_YOUR INSTRUCTIONS_
Please set down exactly the lines from the one containing "メルちゃん くまさんカーでlet's Go" through the last line of the records below, both included, with no pictures.

_RECORDS SHOWN_
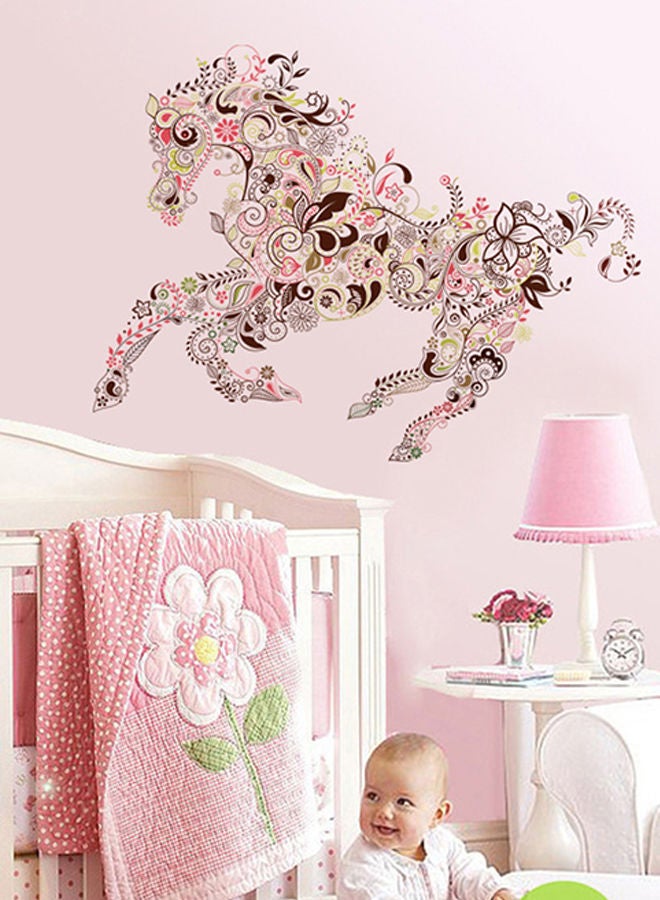 Cartoon Removable Wall Sticker Multicolour 60x40cm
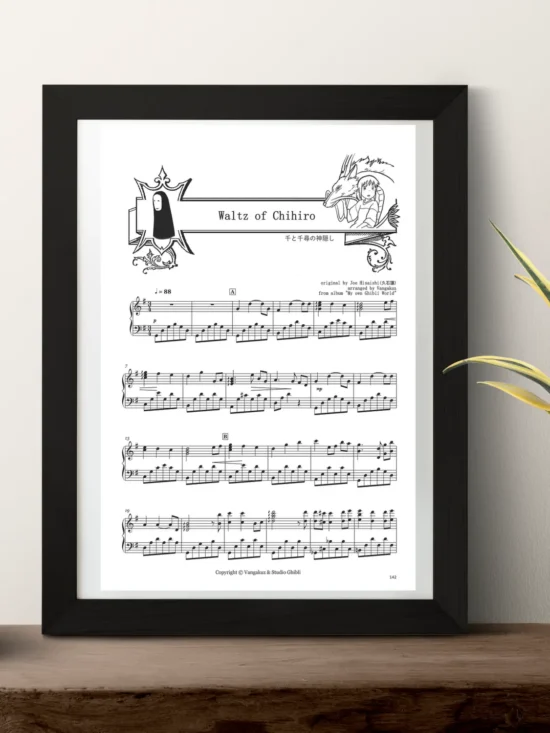 Waltz of Chihiro ~ Chihiro’s Waltz ~ 千尋のワルツ [sheet music]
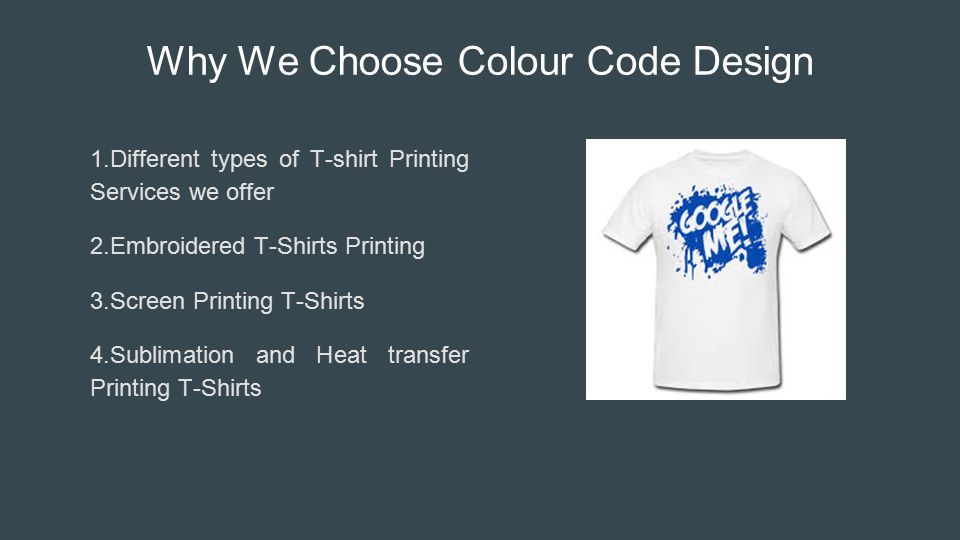 Best T-Shirt Printing In Abu Dhabi By Colour Code Printing and Advertising  LLC. - ppt download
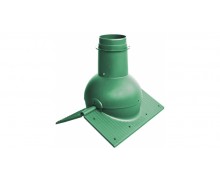 Коньковый элемент Pipe-Cone зеленый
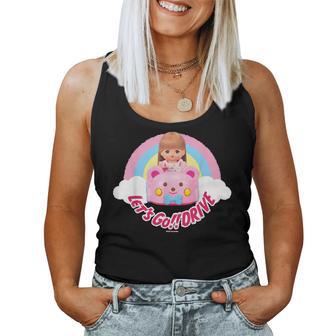 メルちゃん くまさんカーでlet's Go Drive 〜Under The Rainbow〜【片面プリント】 レディースタンクトップ - Kawaiitshirt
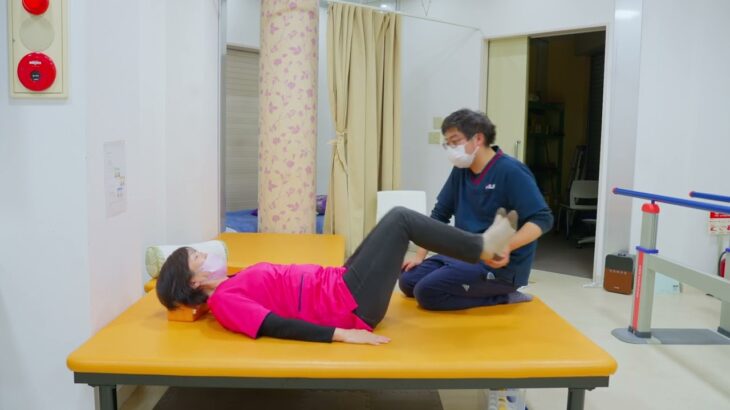 糖尿病　太ももと腹筋の筋力トレーニング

_SOLUTION TO THE EXERCISE_
 メルちゃん くまさんカーでlet's Go Drive 〜Under The Rainbow〜【片面プリント】 レディースタンクトップ - Kawaiitshirt
 糖尿病　太ももと腹筋の筋力トレーニング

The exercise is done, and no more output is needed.